Stephen Carville stephen.carville at gmail.com
Sun May 18 19:54:34 EDT 2008


On 5/15/08, Cees Hek <ceeshek at gmail.com> wrote:
> On Fri, May 16, 2008 at 2:03 AM, Stephen Carville
> <stephen.carville at gmail.com> wrote:
>> Is there any way to have a template where the number of columns is
>>  determined at run time?  I know how to use TMPL_LOOP but that only
>>  lets me vary the number of rows.
>
> I realize that you are using HTML::Template, and you may be tied to it
> for reasons good or bad, but
> whenever I see people trying to bend a tool to do things against it's
> will I feel obliged to show another way ;)

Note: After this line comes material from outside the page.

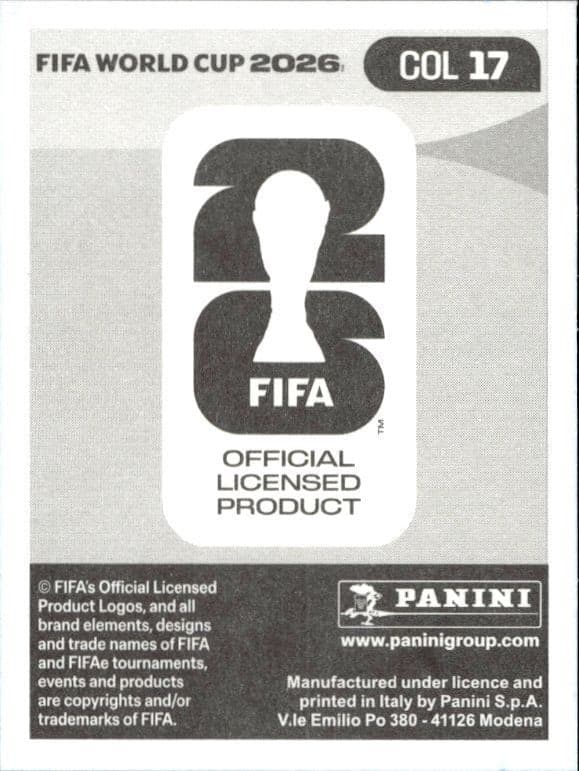 2026 Panini FIFA World Cup Jhon Arias #COL 17 soccer trading card back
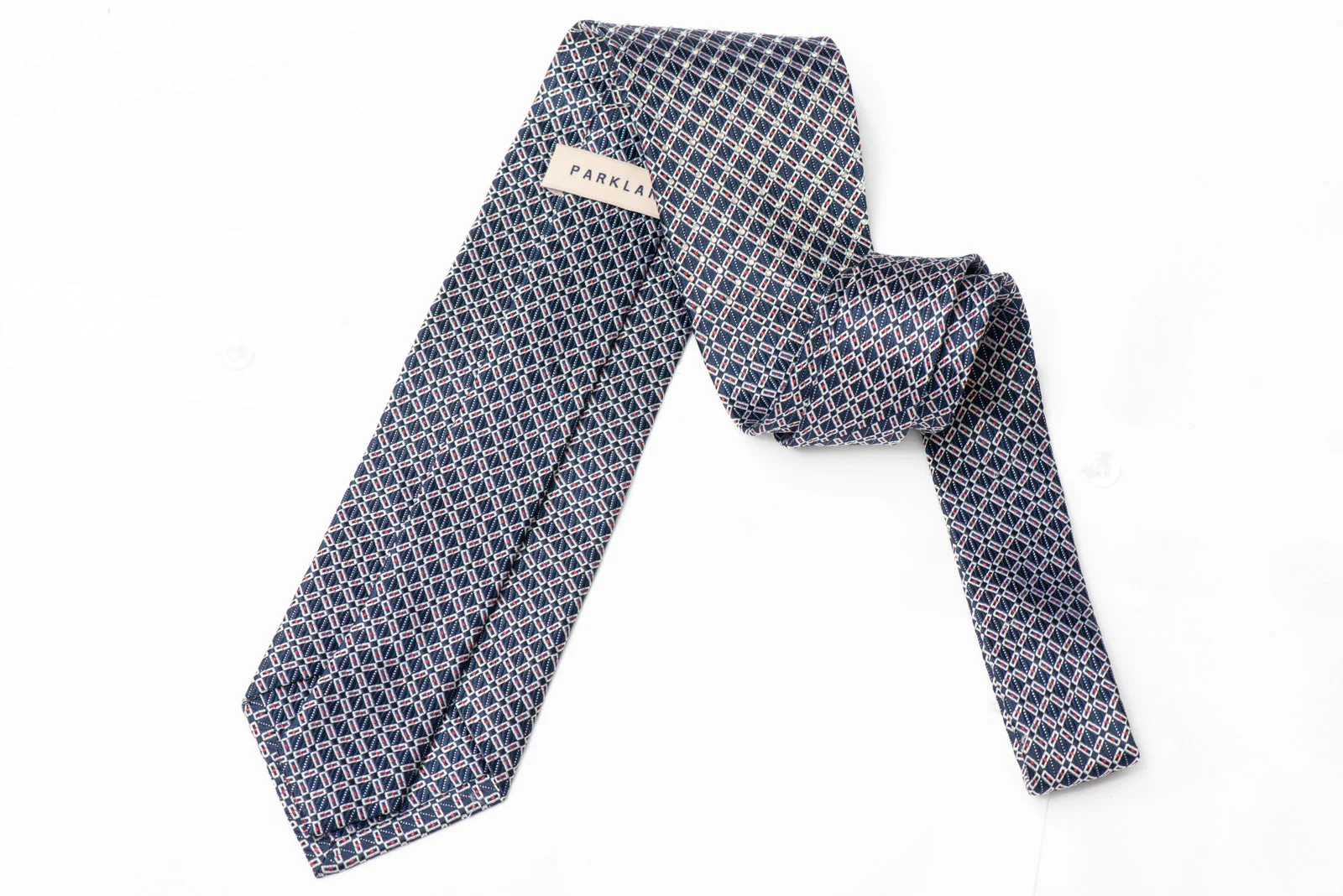 Silver Trellis On Blue Rhinestone Silk Tie With Silver Sparkles - Image 3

I'm not tried to HTML::Template.  I'm experimenting with it.  The goal
is to a create a generic module that will let a developer create a
script with a useful name like "XML.Orders.By.Customer.cgi" where
he'll select the inputs and prompts, drop in the sql for the
search(es), select a table format have the table(s) output as a web
page.  He could also write custom post processors for the data JIC it
need to be massaged for presentation.

After that I may add some bells and whistles such drill down or
letting the user selecting which columm to search on

I already use CGI::Application and HTML::Template to pull data from
the central syslog server's mysql database where it performs pretty
well but that only three columnn and matbe 6000 rows.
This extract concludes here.